Journal Style Guide
Please refer to the latest Call for Papers for guidance on the categories of submissions, word limits and themes.
Updated March 2021
Studies in Oral History, the journal of Oral History Australia (OHA), is produced annually online in the final quarter of each calendar year. It is archived through Informit (www.informit.com.au) with copies also available on the OHA website https://oralhistoryaustralia.org.au/journal/previous-issues/).
Authors preparing articles for submission to the journal must follow the requirements in this guide. Please refer to the latest Call for Papers for guidance on deadlines and issue themes.
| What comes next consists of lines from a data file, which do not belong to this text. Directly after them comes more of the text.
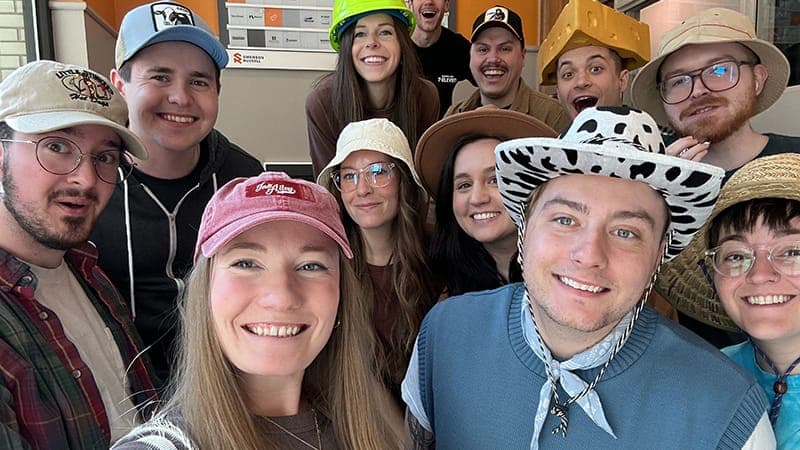 A group of employees wearing lots of different and quirky hats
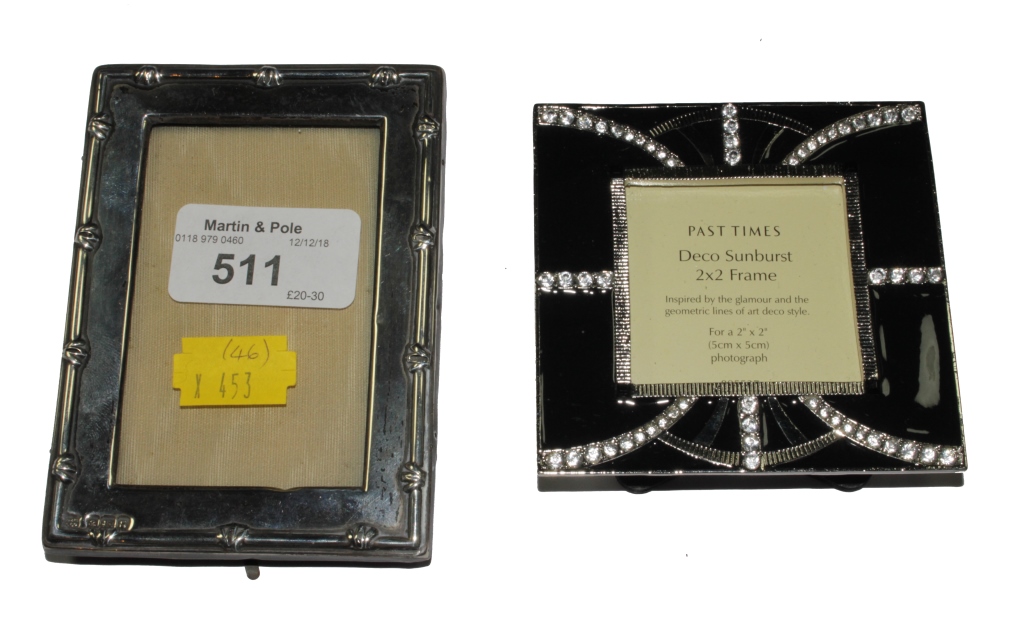 A small silver photo frame, Birmingham 1942, and a boxed Past Times deco sunburst photo frame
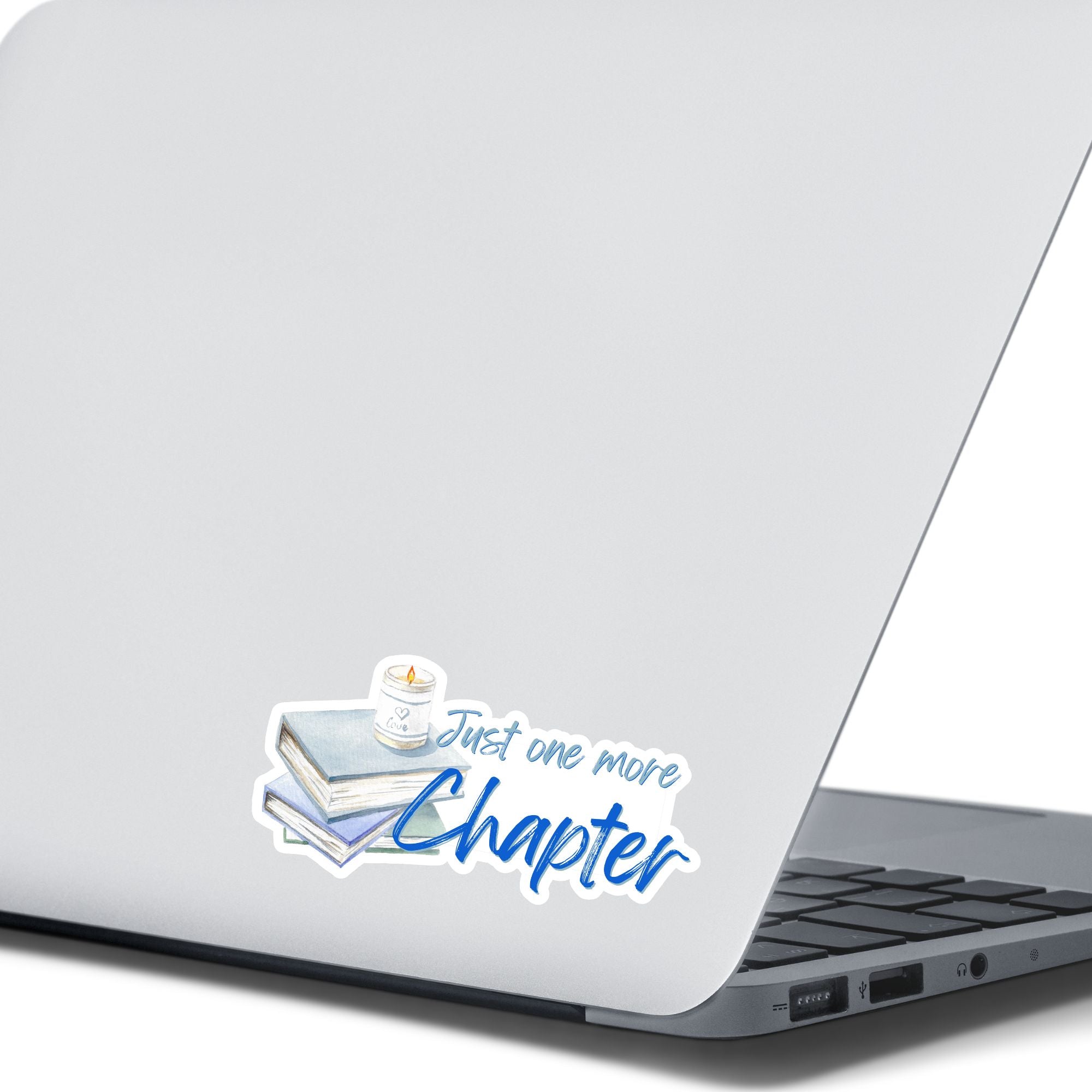 Love to read? If so then you know that there's always time for one more chapter! This individual die-cut sticker features a stack of books with a candle on top, and the words "Just One More Chapter", all in blue and gray on white. Enjoy your reading! This image shows the Just One More Sticker on the back of an open laptop.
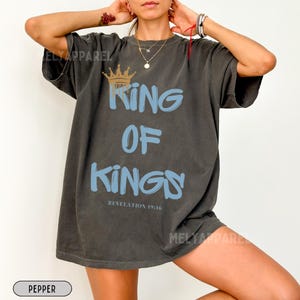 May include: A dark gray oversized t-shirt with a blue and gold graphic that says "King of Kings" and "Revelation 19:16".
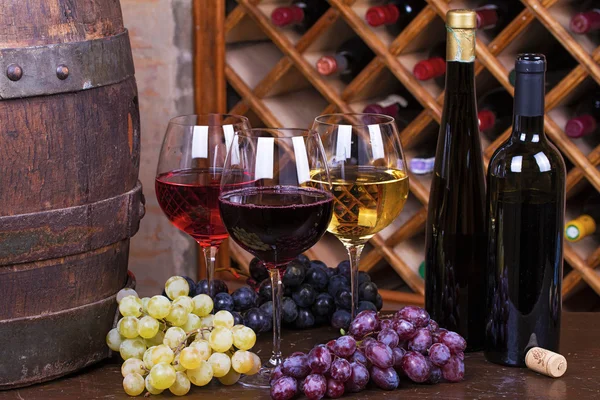 Bicchieri rossi, rosa e bianchi e bottiglie di vino — Foto Stock
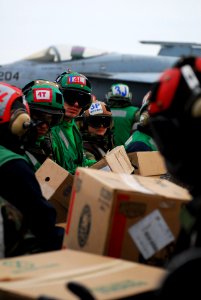 US Navy 110322-N-SB672-016 Sailors and Marines aboard the aircraft carrier USS Ronald Reagan (CVN 76) load humanitarian assistance supplies onto an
Material which may be considered includes:
A. Peer-reviewed papers: 5,000-8,000 words. Papers of this length are expected to contain substantial consideration of theoretical, and/or ethical and/or methodological issues.
B. Articles and reports describing specific projects and outcomes: no more than 1,500 words.
C. Reviews: up to 800 words.
Note: Word limits do not include footnotes. Copyright in all papers or articles contained in the journal remains with the author(s).
Documents should be produced in Microsoft Word XP or higher and submitted as a file attachment to an email (i.e. NOT in the body of an e-mail message).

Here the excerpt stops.